■ SUPPLIED ENTRIES ■
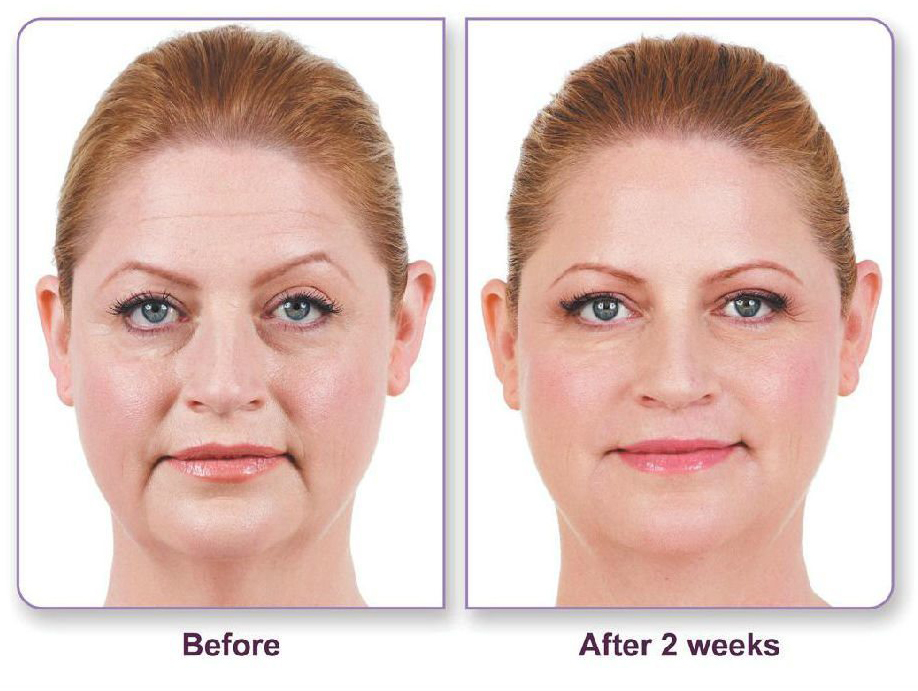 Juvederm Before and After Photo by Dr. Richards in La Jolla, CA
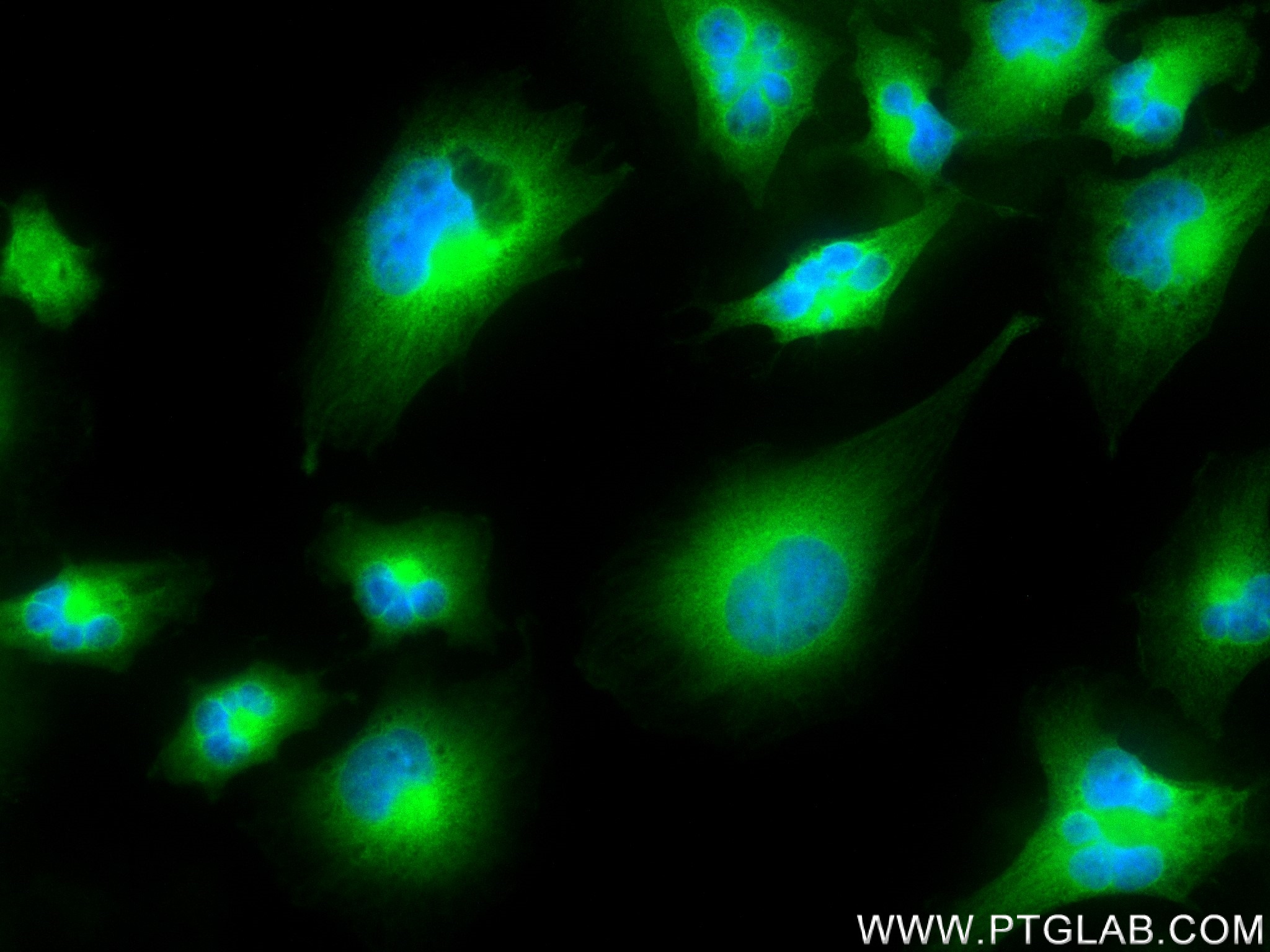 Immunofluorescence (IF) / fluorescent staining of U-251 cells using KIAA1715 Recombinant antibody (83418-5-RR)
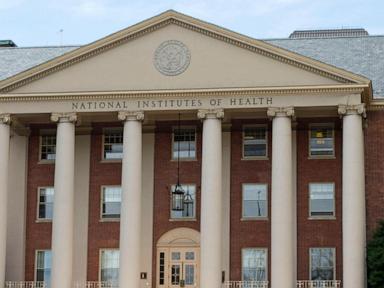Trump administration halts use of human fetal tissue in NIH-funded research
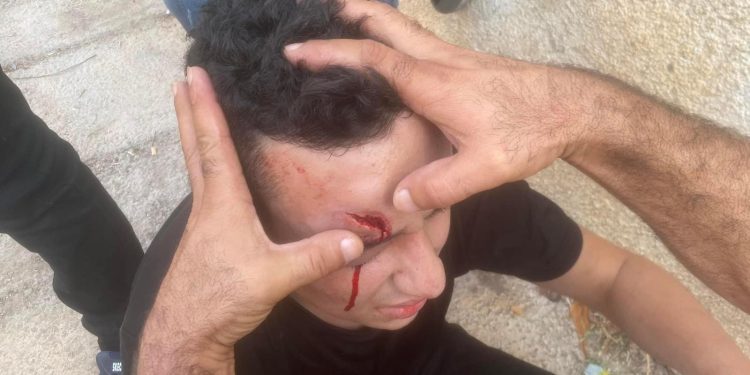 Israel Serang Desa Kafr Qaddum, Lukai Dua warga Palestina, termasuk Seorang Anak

---

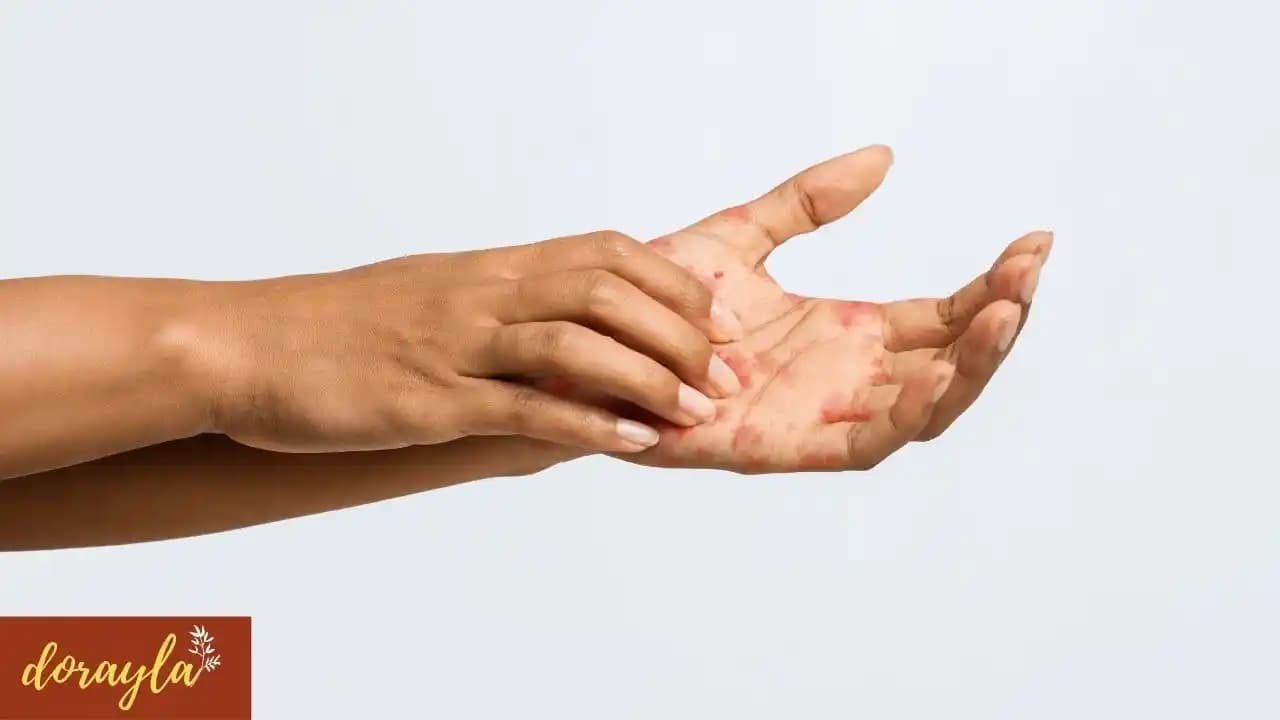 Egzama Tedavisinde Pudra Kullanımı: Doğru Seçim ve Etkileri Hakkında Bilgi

■ ACTIVITY ■
Copy the lines above between the one holding "Trump administration halts" and the one holding "Israel Serang Desa", inclusive. Drop the pictures.

■ REPLY TO THE EXERCISE ■
Trump administration halts use of human fetal tissue in NIH-funded research
 Israel Serang Desa Kafr Qaddum, Lukai Dua warga Palestina, termasuk Seorang Anak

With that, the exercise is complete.